People in Thailand are accustomed to sudden changes of government brought on by military coups, numbering more than a dozen since the 1930s. But in the past two decades, they have increasingly seen such changes imposed by the courts, which have ousted four prime ministers and dissolved three election-winning political parties, often on narrow technical grounds.
Now anger – along with a sense of resignation – is brewing over the perceived heavy-handed involvement of Thailand’s nine-member Constitutional Court in the country’s fractious politics.
The court’s presence in political life has become so significant that experts say it has replaced King Bhumibol Adulyade – who died in 2016 – as the ultimate political arbiter in Thailand.
Anger flared on 7 August when the court dissolved the reformist Move Forward party (MFP), which won the most parliamentary seats in the 2023 election but was blocked from taking power, and whose progressive leader, Pita Limjaroenrat, has been banned from running for office for 10 years.
A week later, the court removed prime minister Srettha Thavisin for an alleged ethical violation regarding the appointment of a cabinet member. He has been replaced by Paetongtarn Shinawatra, the youngest prime minister in Thai history and a member of the prominent Shinawatra political family.
On Tuesday, Pita said that despite his ban and the break-up of Move Forward, his resolve to one day lead Thailand and enact major reforms was unbroken.
“We confuse movement with progress,” he told Reuters. “It’s almost like we’re going around in circles and we’re thinking we’re going somewhere, but actually we’re going nowhere.”
He told the news agency that elected politicians needed to reform institutions such as the courts to guarantee their independence and accountability to the public.

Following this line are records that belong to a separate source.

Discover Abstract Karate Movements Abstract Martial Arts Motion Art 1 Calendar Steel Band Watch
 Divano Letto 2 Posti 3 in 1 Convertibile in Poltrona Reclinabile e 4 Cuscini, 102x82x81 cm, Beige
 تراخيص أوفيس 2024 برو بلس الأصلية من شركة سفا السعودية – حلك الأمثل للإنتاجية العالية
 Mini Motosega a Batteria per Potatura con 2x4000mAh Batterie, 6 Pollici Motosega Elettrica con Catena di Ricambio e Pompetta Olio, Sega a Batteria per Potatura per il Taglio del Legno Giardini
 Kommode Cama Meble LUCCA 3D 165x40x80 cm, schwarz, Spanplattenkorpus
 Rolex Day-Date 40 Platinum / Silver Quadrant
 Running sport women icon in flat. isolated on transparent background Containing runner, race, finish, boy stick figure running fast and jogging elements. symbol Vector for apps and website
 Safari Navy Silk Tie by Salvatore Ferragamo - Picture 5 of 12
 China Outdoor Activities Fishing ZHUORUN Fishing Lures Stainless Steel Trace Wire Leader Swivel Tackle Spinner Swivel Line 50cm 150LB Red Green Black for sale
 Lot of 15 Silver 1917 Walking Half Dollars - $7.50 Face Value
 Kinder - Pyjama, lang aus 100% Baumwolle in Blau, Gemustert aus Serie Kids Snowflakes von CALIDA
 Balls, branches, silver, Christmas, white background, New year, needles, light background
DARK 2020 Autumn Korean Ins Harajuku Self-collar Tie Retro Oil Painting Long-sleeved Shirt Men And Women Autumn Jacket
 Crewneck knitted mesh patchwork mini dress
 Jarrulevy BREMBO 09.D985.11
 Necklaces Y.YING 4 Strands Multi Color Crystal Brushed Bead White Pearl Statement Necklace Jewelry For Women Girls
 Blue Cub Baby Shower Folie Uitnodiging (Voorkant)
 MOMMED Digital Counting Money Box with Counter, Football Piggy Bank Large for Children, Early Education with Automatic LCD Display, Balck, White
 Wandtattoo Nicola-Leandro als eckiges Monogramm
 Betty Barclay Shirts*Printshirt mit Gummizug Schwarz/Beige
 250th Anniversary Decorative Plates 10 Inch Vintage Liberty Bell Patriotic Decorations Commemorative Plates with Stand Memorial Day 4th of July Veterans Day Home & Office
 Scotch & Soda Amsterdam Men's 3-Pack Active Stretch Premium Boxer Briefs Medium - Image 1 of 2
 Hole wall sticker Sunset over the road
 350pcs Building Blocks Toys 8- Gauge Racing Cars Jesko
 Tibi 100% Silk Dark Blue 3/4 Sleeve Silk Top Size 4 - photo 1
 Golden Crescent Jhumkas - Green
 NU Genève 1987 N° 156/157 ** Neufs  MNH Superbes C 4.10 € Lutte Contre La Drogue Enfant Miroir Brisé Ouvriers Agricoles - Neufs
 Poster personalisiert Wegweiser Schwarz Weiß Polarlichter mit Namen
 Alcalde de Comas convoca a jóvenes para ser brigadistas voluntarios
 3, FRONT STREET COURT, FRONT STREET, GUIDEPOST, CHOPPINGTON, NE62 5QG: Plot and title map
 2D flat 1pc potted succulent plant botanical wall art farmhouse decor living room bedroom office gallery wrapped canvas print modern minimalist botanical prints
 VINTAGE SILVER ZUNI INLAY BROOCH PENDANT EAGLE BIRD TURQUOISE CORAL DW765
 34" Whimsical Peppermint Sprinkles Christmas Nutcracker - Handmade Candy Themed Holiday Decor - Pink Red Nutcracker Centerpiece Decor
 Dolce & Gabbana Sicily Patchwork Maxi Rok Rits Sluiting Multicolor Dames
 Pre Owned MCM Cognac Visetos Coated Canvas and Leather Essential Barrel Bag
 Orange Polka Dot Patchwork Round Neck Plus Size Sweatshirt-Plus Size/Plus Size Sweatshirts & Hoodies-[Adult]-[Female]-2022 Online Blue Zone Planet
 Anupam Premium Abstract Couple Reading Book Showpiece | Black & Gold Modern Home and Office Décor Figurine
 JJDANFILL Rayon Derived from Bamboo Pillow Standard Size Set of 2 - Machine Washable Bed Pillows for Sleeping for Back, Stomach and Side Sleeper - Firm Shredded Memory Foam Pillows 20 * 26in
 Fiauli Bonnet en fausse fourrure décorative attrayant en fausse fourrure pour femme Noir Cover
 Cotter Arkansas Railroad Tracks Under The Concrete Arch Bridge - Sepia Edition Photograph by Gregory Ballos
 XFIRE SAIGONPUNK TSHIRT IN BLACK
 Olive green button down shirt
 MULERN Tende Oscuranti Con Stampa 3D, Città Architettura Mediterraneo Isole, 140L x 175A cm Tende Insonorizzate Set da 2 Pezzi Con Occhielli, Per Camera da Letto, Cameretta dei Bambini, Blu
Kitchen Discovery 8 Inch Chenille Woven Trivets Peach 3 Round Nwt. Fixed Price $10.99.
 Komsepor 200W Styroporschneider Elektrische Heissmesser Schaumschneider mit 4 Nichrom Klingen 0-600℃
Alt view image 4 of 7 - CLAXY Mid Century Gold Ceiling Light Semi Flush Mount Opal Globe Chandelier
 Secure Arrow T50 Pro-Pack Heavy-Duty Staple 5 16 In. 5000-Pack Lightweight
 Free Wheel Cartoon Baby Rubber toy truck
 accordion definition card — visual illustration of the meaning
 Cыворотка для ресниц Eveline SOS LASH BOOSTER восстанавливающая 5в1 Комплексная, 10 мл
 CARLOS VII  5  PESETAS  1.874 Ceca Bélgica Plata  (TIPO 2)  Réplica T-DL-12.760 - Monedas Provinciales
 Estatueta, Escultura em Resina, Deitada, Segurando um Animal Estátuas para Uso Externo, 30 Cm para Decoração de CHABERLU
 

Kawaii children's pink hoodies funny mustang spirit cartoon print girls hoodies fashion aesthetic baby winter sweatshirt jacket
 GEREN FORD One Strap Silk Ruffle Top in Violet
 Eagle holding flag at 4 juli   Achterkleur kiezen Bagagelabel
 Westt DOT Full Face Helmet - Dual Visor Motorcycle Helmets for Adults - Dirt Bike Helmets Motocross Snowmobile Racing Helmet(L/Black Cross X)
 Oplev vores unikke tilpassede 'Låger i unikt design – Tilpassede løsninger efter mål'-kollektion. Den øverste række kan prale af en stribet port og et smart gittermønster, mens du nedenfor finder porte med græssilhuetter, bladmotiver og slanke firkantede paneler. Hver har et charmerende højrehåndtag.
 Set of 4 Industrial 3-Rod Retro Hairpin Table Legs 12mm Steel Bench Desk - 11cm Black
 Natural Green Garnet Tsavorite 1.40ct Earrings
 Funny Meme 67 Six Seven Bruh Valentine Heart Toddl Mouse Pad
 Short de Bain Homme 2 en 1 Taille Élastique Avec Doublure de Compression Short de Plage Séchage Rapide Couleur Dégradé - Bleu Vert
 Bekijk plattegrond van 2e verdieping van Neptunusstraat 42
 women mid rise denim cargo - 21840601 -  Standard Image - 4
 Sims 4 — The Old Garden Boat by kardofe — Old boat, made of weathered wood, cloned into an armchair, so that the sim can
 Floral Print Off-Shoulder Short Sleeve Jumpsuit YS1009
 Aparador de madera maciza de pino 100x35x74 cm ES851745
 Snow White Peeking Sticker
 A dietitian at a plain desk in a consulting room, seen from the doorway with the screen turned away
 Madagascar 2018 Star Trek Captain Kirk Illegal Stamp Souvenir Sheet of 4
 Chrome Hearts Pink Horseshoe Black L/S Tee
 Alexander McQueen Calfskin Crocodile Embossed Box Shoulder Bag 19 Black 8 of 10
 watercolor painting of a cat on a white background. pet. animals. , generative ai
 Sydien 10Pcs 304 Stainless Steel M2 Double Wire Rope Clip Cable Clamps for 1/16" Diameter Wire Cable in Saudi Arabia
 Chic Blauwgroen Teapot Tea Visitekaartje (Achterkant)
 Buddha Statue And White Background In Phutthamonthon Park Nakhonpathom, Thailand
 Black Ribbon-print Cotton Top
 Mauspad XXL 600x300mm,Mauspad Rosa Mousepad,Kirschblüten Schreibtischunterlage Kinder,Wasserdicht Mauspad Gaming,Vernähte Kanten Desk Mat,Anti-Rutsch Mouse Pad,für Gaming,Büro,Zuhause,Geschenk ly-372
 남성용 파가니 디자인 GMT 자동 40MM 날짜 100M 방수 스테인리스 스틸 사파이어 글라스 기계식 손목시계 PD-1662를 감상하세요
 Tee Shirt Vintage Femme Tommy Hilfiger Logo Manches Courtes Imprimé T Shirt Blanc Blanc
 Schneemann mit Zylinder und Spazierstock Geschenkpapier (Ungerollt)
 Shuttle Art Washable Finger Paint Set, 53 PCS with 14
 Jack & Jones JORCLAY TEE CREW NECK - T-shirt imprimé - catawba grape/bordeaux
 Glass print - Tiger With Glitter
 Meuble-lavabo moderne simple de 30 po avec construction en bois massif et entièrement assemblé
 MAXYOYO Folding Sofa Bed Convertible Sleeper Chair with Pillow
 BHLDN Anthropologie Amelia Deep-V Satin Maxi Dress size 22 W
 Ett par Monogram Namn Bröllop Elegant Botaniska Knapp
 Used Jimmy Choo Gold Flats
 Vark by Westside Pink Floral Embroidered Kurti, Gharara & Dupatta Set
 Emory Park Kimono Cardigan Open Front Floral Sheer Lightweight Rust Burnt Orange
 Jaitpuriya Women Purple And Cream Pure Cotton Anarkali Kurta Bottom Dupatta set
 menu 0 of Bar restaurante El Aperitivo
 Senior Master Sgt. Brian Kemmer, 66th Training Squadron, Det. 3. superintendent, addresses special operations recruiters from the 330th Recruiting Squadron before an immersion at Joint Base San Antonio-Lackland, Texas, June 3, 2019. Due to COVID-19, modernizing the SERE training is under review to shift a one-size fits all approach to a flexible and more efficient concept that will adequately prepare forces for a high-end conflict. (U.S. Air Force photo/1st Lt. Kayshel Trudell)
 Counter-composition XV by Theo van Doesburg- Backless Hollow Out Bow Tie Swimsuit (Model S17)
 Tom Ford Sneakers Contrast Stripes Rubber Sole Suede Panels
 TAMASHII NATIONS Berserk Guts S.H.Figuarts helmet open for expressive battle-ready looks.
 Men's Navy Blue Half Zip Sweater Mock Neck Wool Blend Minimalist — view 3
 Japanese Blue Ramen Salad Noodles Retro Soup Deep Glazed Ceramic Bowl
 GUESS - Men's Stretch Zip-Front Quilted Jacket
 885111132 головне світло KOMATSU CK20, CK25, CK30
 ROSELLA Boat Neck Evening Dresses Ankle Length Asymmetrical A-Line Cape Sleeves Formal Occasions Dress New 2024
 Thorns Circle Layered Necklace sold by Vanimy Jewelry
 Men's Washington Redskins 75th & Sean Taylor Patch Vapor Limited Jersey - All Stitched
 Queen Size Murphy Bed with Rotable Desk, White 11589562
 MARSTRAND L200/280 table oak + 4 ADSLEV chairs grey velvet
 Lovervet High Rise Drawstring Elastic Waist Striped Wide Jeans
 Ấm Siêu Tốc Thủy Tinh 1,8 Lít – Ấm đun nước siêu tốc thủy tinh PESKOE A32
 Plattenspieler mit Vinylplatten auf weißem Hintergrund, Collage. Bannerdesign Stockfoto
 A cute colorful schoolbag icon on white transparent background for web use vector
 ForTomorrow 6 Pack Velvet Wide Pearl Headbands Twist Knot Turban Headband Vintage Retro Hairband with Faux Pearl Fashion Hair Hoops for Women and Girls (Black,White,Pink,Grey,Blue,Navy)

Mookdapa Yangyuenpradorn, human rights associate at Fortify Rights, worries that these actions – part of what she characterises as a decade-long trend of judicial overreach – will breed cynicism and discourage Thais from engaging with politics.
“There’s a feeling of hopelessness and numbness that drives people further away from involvement in politics and drives away trust in a functional democratic society,” she says.
Pavin Chachavalpongpun, a professor at Kyoto University’s centre for south-east Asian studies, said he believed people have been left with less respect for – and confidence in – the judicial system, while the court’s involvement in politics poses an existential threat.
“In any other country when you talk about the collapse of key institutions, one may collapse but the country survives, like France with the monarchy,” he says. “But in a country where the justice system collapses, it can’t survive, and that’s what I fear with Thailand. I think the judiciary is on the brink of collapse because of its politicisation.”
Yangyuenpradorn and Chachavalpongpun are far from alone in their concerns.
On Monday, 134 Thai academics and legal scholars issued a statement condemning the court’s recent decisions.
They argued that the constitutional court had overstepped its jurisdiction in an approach that “conflicts with the principle that laws restricting individual rights should be interpreted narrowly and with great caution”.
The court has not publicly responded to the recent criticisms against it.
Reform of the political system, including the judiciary, was a key policy of Pita’s now defunct party. Yangyuenpradorn hopes the People’s party – the party that the remaining Move Forward MPs have regrouped under – will preserve it as a policy.
Democracy will be unable to truly take root in Thailand until a consensus is reached on the courts’ overreach, political science researcher Napon Jatusripitak says.
“In what kind of democracy is a court … given the power to disfranchise 14 million voters by dissolving their chosen party and unseat a democratically elected prime minister, all within one week?”